U.S. politicians should focus on drug war in Mexico

Three days ago in Mexico City a group of heavily armed gangsters ran into a house party. The ensuing rain of fully automatic gunfire left 13 teenagers dead and 17 others wounded. Witnesses to the slaughter say they believe the victims were innocent civilians who were mistakenly targeted by one of the area’s drug cartels.

Unfortunately, while a death toll of 13 innocent civilians in a single attack is disturbing, it is far from surprising in a country where more than 16,000 people have died as a result of drug related violence since 2007 according to the Los Angeles Times. In recent years, Mexico’s numerous drug cartels have resorted to guerilla warfare in the battle for access to the U.S. drug markets. Despite the fact that these cartels get all of their money, power and weapons from the U.S., the Obama administration has shown little desire to address the issue.

Over the last several years, tightened border security has meant Mexican cartels have found it more difficult to transport drugs into the U.S. The increased difficulty of accessing the U.S. has led many of these organizations to use other mafia style methods to earn money, including extortion, countless robberies and murdering anyone who stands in their way. This paired with Mexican President Felipe Calderón actively fighting the cartels when previous administrations simply collected large amounts of money from them, has turned the streets of our southern neighbor into urban warfare. In Juarez, a city directly across the border from El Paso, Texas, 2,000 people died last year alone as a result of the violence according to Gaurdian.co.uk.

Recently, U.S. politicians have been forced to acknowledge the war in Mexico, as it has begun spilling across the border into U.S. towns. Violence has erupted in U.S. streets, and people have even been kidnapped and taken back to Mexico and held ransom. The Obama administration has pledged $700 million to Mexican law enforcement in their war against the drug cartels according to CNN. Unfortunately, this money will likely have little or no impact. Mexico’s law enforcement agencies are among the most corrupt in the world; the cartels own as much of Mexico’s police force as Mexico does. As a result, even while President Calderón actively fights to stop these cartels, half the law enforcement is fighting to protect them.

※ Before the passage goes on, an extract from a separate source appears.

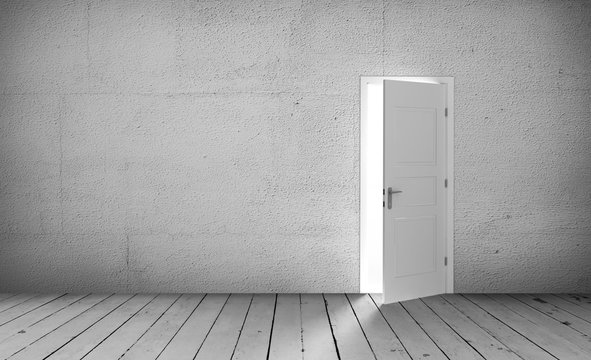 Open white door in a empty white room. 3D illustration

Even the former head of Mexico’s drug enforcement agency has been charged with taking bribes from cartels. In such conditions it’s likely as much of the U.S.’s money will be used to protect drug lords as will be used to fight them. If we are only willing to supply money without man power we might as well do nothing at all.

If there is one country in the world the U.S. should have troops in, it is Mexico. I don’t normally advocate the U.S. military in foreign countries; in fact, I am almost universally against the idea. But when the U.S.’s actions directly create urban warfare in a neighboring country, it is sickening for the U.S. government not to take action.

The obvious reason many will argue we cannot militarily assist Mexico is our troops our already spread to thin.

The real question here though is how has the U.S. government allowed this to happen? How can we send a 40,000 troop surge to Afghanistan when just feet across our border a violent war is claiming four times as many lives a year as the wars in Iraq or Afghanistan, and it is being funded entirely with U.S. dollars? This is on top of the fact that no matter how hard we attempt to turn Iraq and Afghanistan into viable democracies, they will almost certainly revert back into dictatorships, and probably ones that hate America, within 25 years. If the Obama administration truly wished to create the kind of change he campaigned on, he would start fighting the war we have a moral obligation to fight, the one we created, the war at our doorsteps.